Conceptual model of groundwater flow

the flow of water through a porous medium (Fig 6.1)

water flows tortuous paths

geometry of channels is very complex

frictionles flow is totally meaningless!

conceptual model of flow through a porous medium is flow through a bundle of very small (capillary) tubes of different diameters (Fig 6.2)

the flow (Q) through a horizontal tube can be described as: Q = -p*D⁴/(128*m)*dp/dx (Poiseuille's law)

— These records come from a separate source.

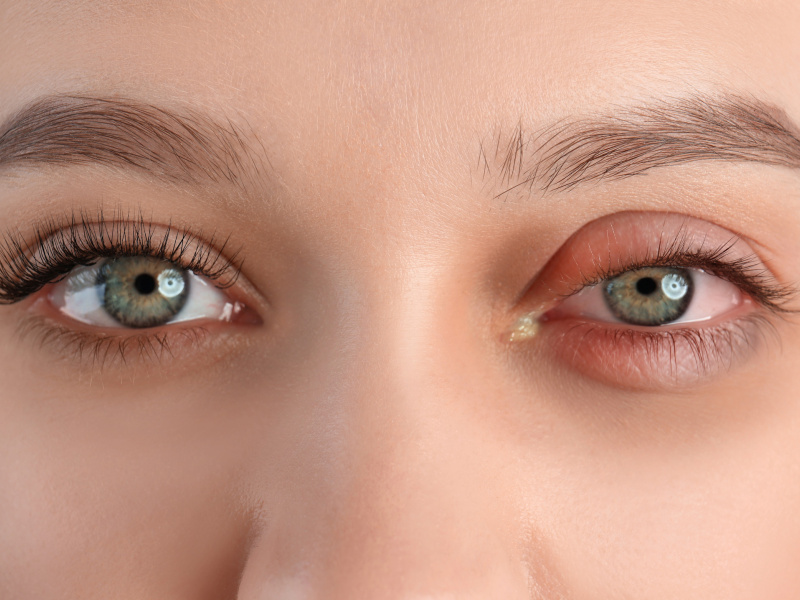 Swollen eyelids: Causes, remedies, and surgical solutions for a refreshed look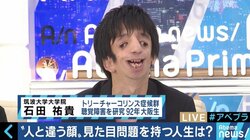 「ワンダー 君は太陽」で描かれたトリーチャーコリンズ症候群　“当事者”石田祐貴さんが視線を浴びながらも街を歩く理由
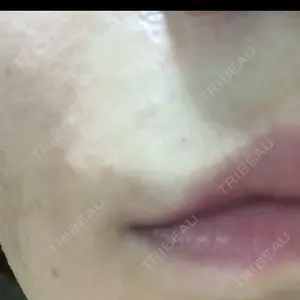 veary clinic口コミ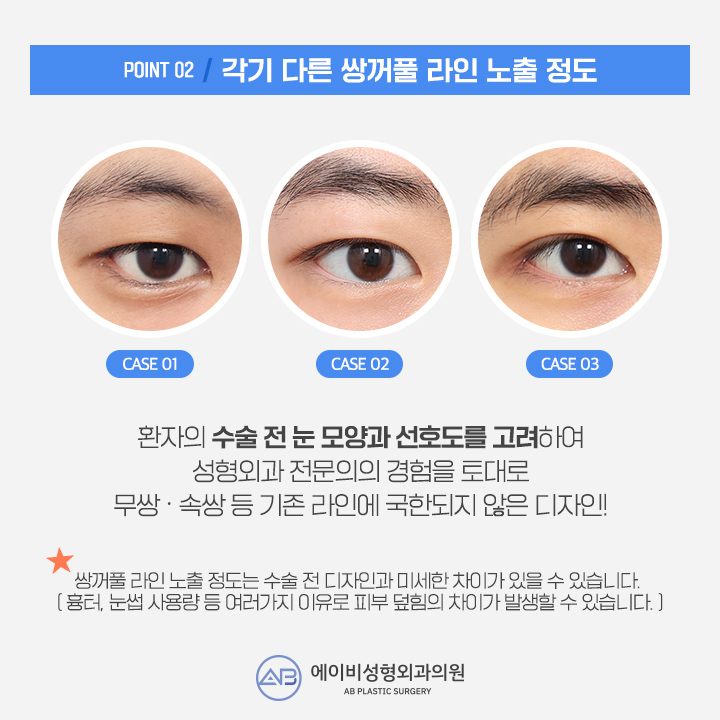 남자눈성형잘하는곳 에이비 라며? 관련 이미지 3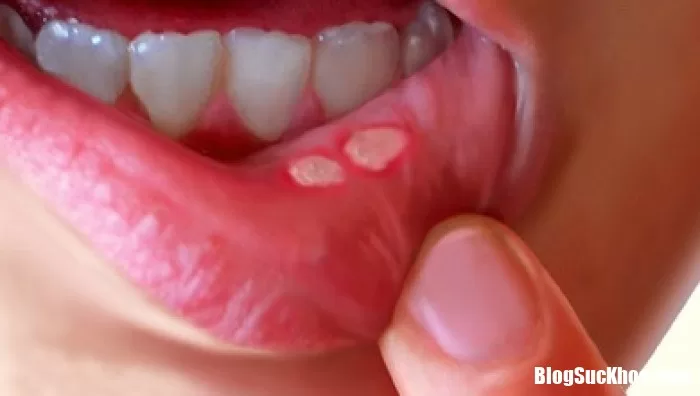 Bài thuốc chữa nhiệt miệng nhanh và phù hợp với nhiều đối tượng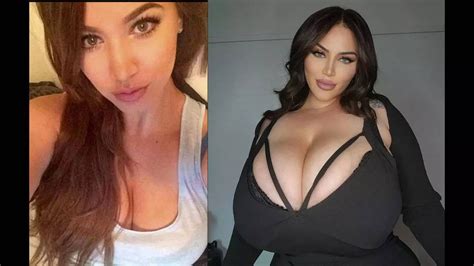 Rare Condition Causes OnlyFans Model S Breasts To Grow 6 Cup Sizes In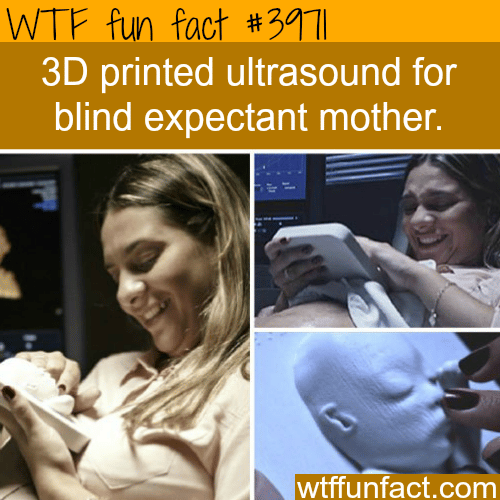 3D printed ultrasound for blind mother - WTF fun facts 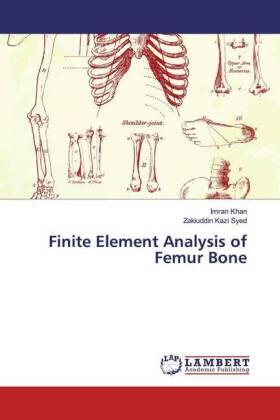 Khan / Kazi Syed |  Finite Element Analysis of Femur Bone | Buch |  Sack Fachmedien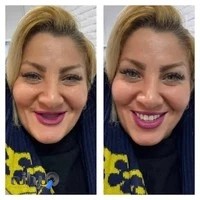 مرکز دندان مصنوعی زعفرانیه - نگین دندان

=> size of the capillary tubes is important!

Darcy's law

• what drives groundwater flow?
• water flows from high elevation to low elevation and from high pressure to low pressure, gradients in potential energy drive groundwater flow
• Bernoulli equation said: u²/(2*g) + z +p/(r*g) = constant, means: velocity head + elevation head + pressure head = total head
• in groundwater flow, we cannot make the assumption that there is no friction, therefore the  head is not constant
• also u is so small that that term can be typically neglected  (example!)
• groundwater flows from high to low  head
• how do you measure the head or potential? => drill an observation well, the elevation of the water level in the well is a measure of the potential energy at the opening of the well
• in 1856, a French hydraulic engineer named Henry Darcy published an equation for flow through a porous medium that today bears his name (Fig. 6.3)
• Q = KA (h₁-h₂)/L or q = Q/A = -K dh/dl, h: hydraulic head, h = p/rg + z
• thought experiment: hydraulic head distribution in a lake
• q = Q/A is the specific discharge [L/T], dh/dl is the hydraulic gradient
• K is the hydraulic conductivity [L/T]
• the law is very similar to Ohm's law for electrical curcuits I = 1/R * U (current = voltage divided by resistance)
• the orginal Darcy experiment yielded these data (Fig 6.4)
• the analogy between Darcy's law and Poiseulle's law suggests that K = (const*d²)*rg/m
• the first term (const*d²) is k, the intrinsic permeability [L²], summarized the properties of the porous medium, while rg/m describe the fluid
• hydraulic conductivities and permeabilities vary over many orders of magnitude (Fig 6.5)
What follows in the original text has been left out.